The part of these transactions that gets far little attention focuses on the team that has to sign and then trade their player. In many circumstances, this does not get discussed because it happens pretty easily. Most of the high-end players in the league do not get into situations where this becomes relevant but we can see in this case how this strange situation can come to pass.

The easiest way to think about how a team would be unable to sign their own player to a contract is through a series of negatives:

1. They cannot have enough cap space to sign him- This one is easy. If the team has the space to sign the player outright, this part of the trade happens painlessly. In this case, the Nets are miles over the salary cap.

2. They do not have full Bird rights- There are different levels of Bird rights (Non-Bird, Early Bird, Full Bird) that all have different rules and privileges.
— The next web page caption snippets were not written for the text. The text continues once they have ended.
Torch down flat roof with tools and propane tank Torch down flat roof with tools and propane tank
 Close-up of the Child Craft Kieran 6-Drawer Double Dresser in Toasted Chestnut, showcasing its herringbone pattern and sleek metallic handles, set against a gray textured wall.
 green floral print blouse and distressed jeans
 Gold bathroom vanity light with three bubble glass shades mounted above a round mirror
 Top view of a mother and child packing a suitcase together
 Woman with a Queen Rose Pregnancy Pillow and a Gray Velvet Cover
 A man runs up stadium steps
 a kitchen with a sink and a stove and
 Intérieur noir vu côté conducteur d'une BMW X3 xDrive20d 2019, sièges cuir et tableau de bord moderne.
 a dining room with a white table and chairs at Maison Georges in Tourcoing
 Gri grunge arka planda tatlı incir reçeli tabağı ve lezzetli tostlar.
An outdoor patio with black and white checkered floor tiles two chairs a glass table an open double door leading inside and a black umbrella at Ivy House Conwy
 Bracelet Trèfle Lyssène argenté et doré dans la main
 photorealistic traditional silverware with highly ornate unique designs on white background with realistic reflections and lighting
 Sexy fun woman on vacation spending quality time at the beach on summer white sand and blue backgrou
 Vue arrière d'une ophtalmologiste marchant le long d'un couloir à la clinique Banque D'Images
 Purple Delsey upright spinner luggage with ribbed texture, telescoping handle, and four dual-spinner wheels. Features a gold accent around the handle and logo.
If a player has played for three seasons with the same team without clearing waivers or changing teams as a free agent, the team has full Bird rights so they can go over the cap and tax to sign him. In this case, Livingston signed with the Nets as a free agent before the 2013-14 so he is a non-Bird free agent for them. Note that because the CBA is evil, the non-Bird status is a form of Bird rights- the team just has less flexibility than the other forms.

3. The team cannot pay the salary using an exception- This has a few different components. First, the salary has to be higher than the team can pay using an exception. In this case, Livingston is signing for more than 120% of his 2013-14 salary so the Nets cannot use his “Non-Qualifying Veteran Free Agent” (non-Bird) status. In addition, the reports are that the Warriors want to sign him to the full non-taxpayer Mid-Level Exception. Since the Nets are over the apron, they only have the taxpayer MLE available and thus cannot sign him to a contract at that value using their MLE.

In these circumstances, the original team cannot sign the player to the contract he agreed to so the transaction must occur as a straight signing. Unfortunately for the Warriors, that limits their flexibility somewhat because using part of their huge trade exception would have allowed them to have their Mid-Level to use for one or more free agents. Instead, it just becomes another interesting lesson about an intricacy of the CBA.